SYDNEY - A powerful 7.3-magnitude earthquake struck off Papua New Guinea on Friday, US officials said, but no Pacific-wide tsunami warning was sounded.
The US Geological Survey said the quake hit at an estimated depth of 54 kilometres (34 miles) at around the same distance west of the town of Panguna on the remote and volcanic Bougainville island.
Geoscience Australia estimated the quake at 7.4 magnitude and said the tremor, which hit close to the neighbouring Solomon Islands, was believed to be in the "shallow" range.

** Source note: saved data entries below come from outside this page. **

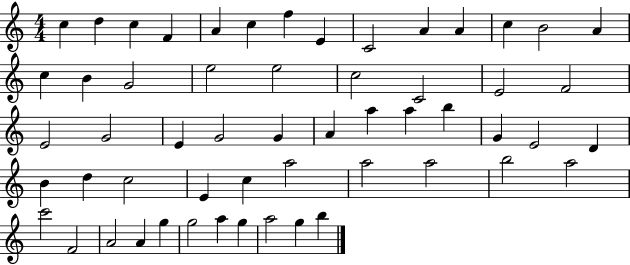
{
  \clef treble
  \numericTimeSignature
  \time 4/4
  \key c \major
  c''4 d''4 c''4 f'4 | a'4 c''4 f''4 e'4 | c'2 a'4 a'4 | c''4 b'2 a'4 | \break c''4 b'4 g'2 | e''2 e''2 | c''2 c'2 | e'2 f'2 | \break e'2 g'2 | e'4 g'2 g'4 | a'4 a''4 a''4 b''4 | g'4 e'2 d'4 | \break b'4 d''4 c''2 | e'4 c''4 a''2 | a''2 a''2 | b''2 a''2 | \break c'''2 f'2 | a'2 a'4 g''4 | g''2 a''4 g''4 | a''2 g''4 b''4 | \break \bar "|."
}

"They would have gotten a strong shake across the island, and there's the possibility of some damage," David Jepsen from Geoscience Australia told AFP.
The Hawaii-based Pacific Tsunami Warning Center ruled out the threat of a Pacific-wide destructive tsunami but Jepsen cautioned that there was a "possibility of a local tsunami" in PNG.
Jepsen said while the quake was "pretty substantial", the depth could not be accurately defined except that it was under 50 kilometres.
"If it's really shallow like 10 (kilometres deep), there's more possibility of (local) tsunami," he said.
Quakes of such magnitude are common in the island nation, which sits on the so-called Pacific "Ring of Fire", a hotspot for seismic activity due to friction between tectonic plates.
In October, a 7.1-magnitude quake struck in the same area -- around 65 kilometres west of Panguna.
In February 2013 the remote town of Lata in the Solomons was hit by a devastating tsunami after an 8.0-magnitude earthquake. The tsunami left at least 10 people dead, destroyed hundreds of homes and left thousands of people homeless.
In 2007 a tsunami following an 8.0-magnitude earthquake killed at least 52 people in the Solomons and left thousands homeless.